The legendary civil rights activist and author, Kevin Alexander Gray, debunked Bill Clinton’s “symbolic” relationship with the Black Community as a cheap political stunt and a means to an end – whose last bus stop was in 2000. In a 2002 article titled, “Clinton and Black Americans Soul Brother?” Gray exposed the silliness of Black celebrities who – through the culpability of naïve Black masses – had hopped on the bandwagon to celebrate President Clinton as an honorary Black Man. “… What makes Clinton’s race act so successful is that black America never asked him to do much to begin with… For 12 years before Clinton, Ronald Reagan and George Bush insulted and ignored black people.
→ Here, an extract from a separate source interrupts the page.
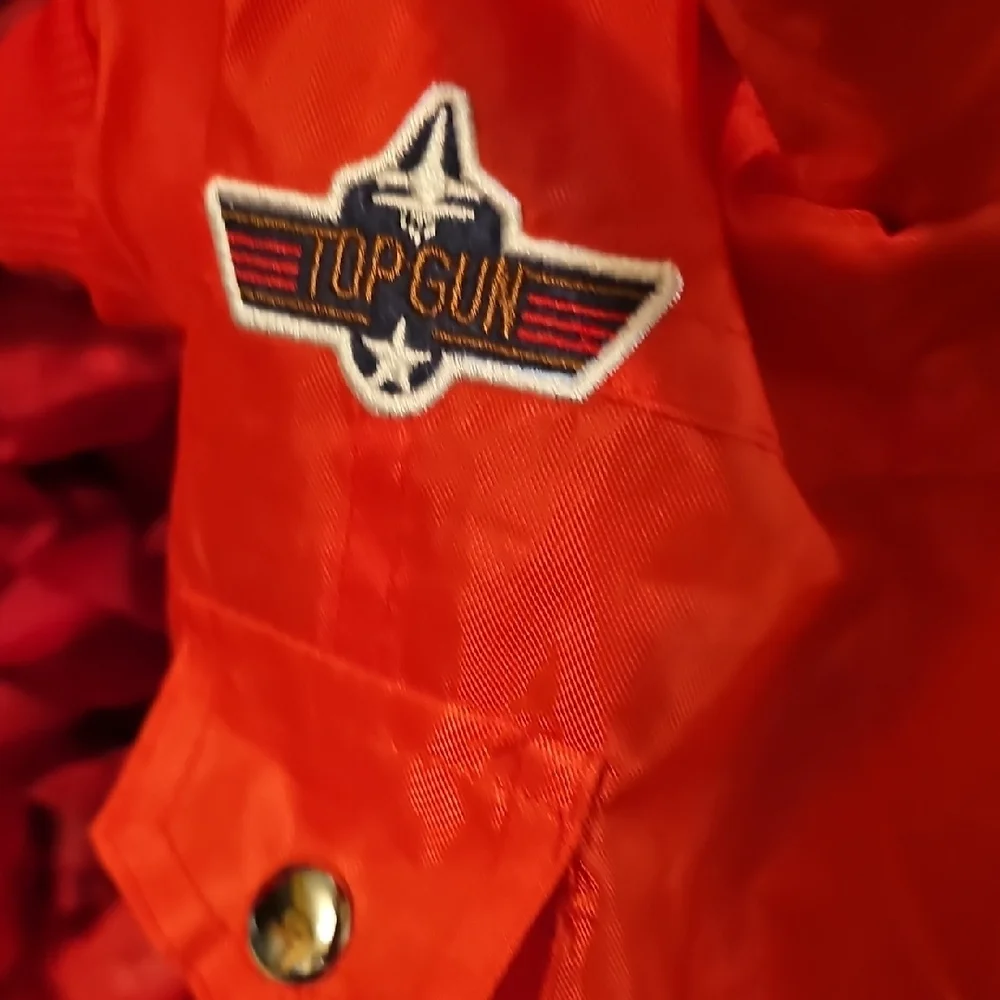 Red Dog Top Gun Fleece Lined Jacket with Patches Size Medium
Consequently, when Clinton wooed African Americans, most were just happy someone was finally paying attention… The notion of Clinton as a great friend of the black community or defender of civil rights is… crazy.”

In 2008, if progressives would candidly admit, Barack Obama’s unusual relationship with the Black Community is eerily reminiscent of that from which Bill Clinton benefited. In fact, as late as October 2007, Barack Obama still – according to polls – trailed Sen. Clinton by 13 points in the Black Community. Not until recently, was there the 90% percent phenomenal-like sustainment that helped deny Hillary Clinton the Democratic Presidential nomination. It was widely reported that Blacks had withheld support from Obama because they never perceived him as a realistic candidate. Let’s explore that for a minute. Black folks pride themselves with the false-assertion that the only reason they withdrew their endorsement from Hillary, was as payback for Bill and Hill’s racially inflamed and denigrating statements toward the Black Community and their slain leaders. Nevertheless, many Black voters would readily admit that if not for the overwhelming amount of White voters in Iowa who poured out their support for Obama, Hillary Clinton would have, more than likely, clinched the Democratic Presidential Nomination. This clear insinuation that the exemption of White Iowan’s validation of Sen. Obama’s candidacy would have done very little to damage the relationship between the Black Community and the Clintons – Bill and Hill’s acerbic remarks notwithstanding – is simply stunning!!!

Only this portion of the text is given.